2. I would love to see the p-values for the coefficients they estimated there. Indeed, I would bet that if you add further explanatory variables to the regression, the effect of GDP per capita on happiness would diminish if not disappear.
3. As you mentioned the case of the U.S., my first thought was: if we really have to talk about income, let’s take median income or a related measure, not GDP per capita.
4. How do Deaton and Kahneman measure experiential happiness? I cannot easily imagine how it should be done (and then meaningfully correlated with income)… And, a second important question: what is the relevance of this experiential happiness? I mean, Jeremy Bentham would love it, but the limits of hedonic utilitarianism have been demonstrated impressively since he died. I don’t see the point in granting this aspect of wel-being much attention. Actually, remembered happiness seems relatively more convincing to me (though not really convincing, as should be clear from our discussion on my blog).
Bartosz: Wolfers test statistics are all in the original papers, but if you need to delve into them more your really need to contact him directly. I had an e-mail exchange with him a couple of years ago about betting markets and climate change and he was quite accessible then, so hopefully the hubris is not too high now 🙂
As for experiential data methodology, you need to read Kahneman’s “Experienced Well-Being” chapter in “Thinking Fast and Slow” which references all the literature.
I want to stress that I think we are on the same page here in terms of being skeptical about GDP as a welfare indicator. Yet I also feel we need to realise that for many people within a capitalist economy, the dominant urge is to maximise income and consume. To move to a steady-state or no-growth economy requires a set of policies that confront this fact. To get people to not ‘do what they do’ requires persuading them that a) maximising current consumption is not the same as maximising current happiness (however you want to define the term ‘happiness’) or b) maximising consumption now will have a cost in terms of maximising happiness in the future or c) maximising consumption now is causing a loss of happiness of other parties. In many ways, I don’t think economists are the best people to tackle these questions; such questions appear to be more in the realm of psychology or social psychology. That’s why I think Kahneman’s work is so fascinating.
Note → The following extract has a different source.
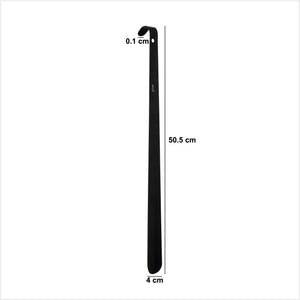 Skohorn i metall 50,5 cm – mål og dimensjoner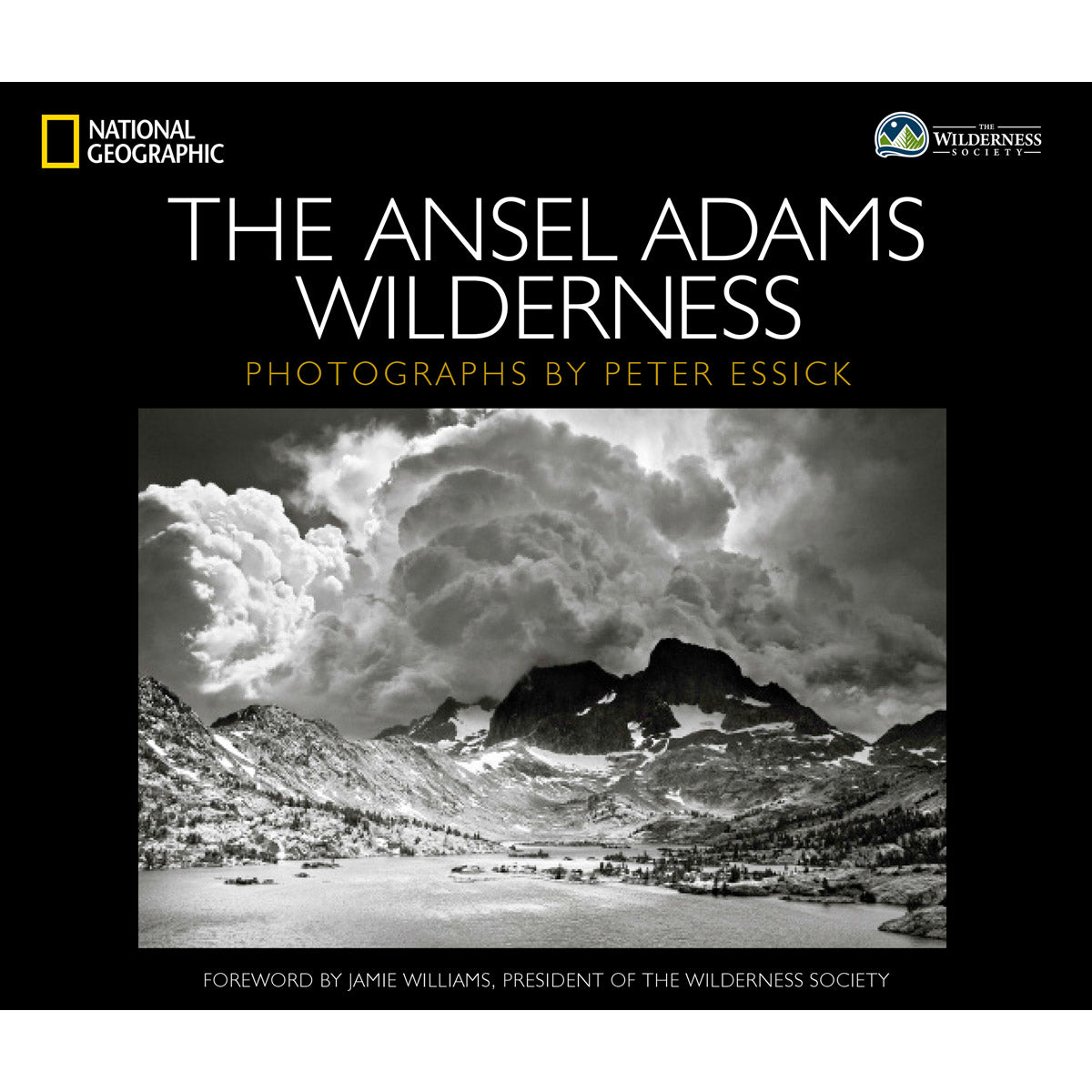 The Ansel Adams Wilderness Book-National Geographic Maps-Uncle Dan&#39;s, Rock/Creek, and Gearhead Outfitters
Lazy as I am, I hoped for answers to my questions without having to read the papers;-) But I just recently ordered Kahneman’s book, so at least this question will “answer itself” when I read it. As for Wolfers, maybe I’ll find the time some day to run a regression myself and see whether my hypothesis about the effect of income on happiness is true. As a young researcher, I can only need stuff like this to publish;-)
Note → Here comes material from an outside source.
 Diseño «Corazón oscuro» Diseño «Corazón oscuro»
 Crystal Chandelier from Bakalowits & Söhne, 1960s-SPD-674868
Regarding the last paragraph of your comment: I agree. I don’t think that the differences in our views are really serious. Indeed, the points you made about what should be done to achieve sustainability are basically right from my perspective. Which does not mean that we cannot discuss the details;-) I also fully agree with what you write about conventional economists’ role in the debate. Our professional training has limited potential here, unless we let more behavioral economics/psychology insights in (Elisabeth Gsottbauer and Jeroen van den Bergh once wrote an interesting – even though rather poorly written – paper on this).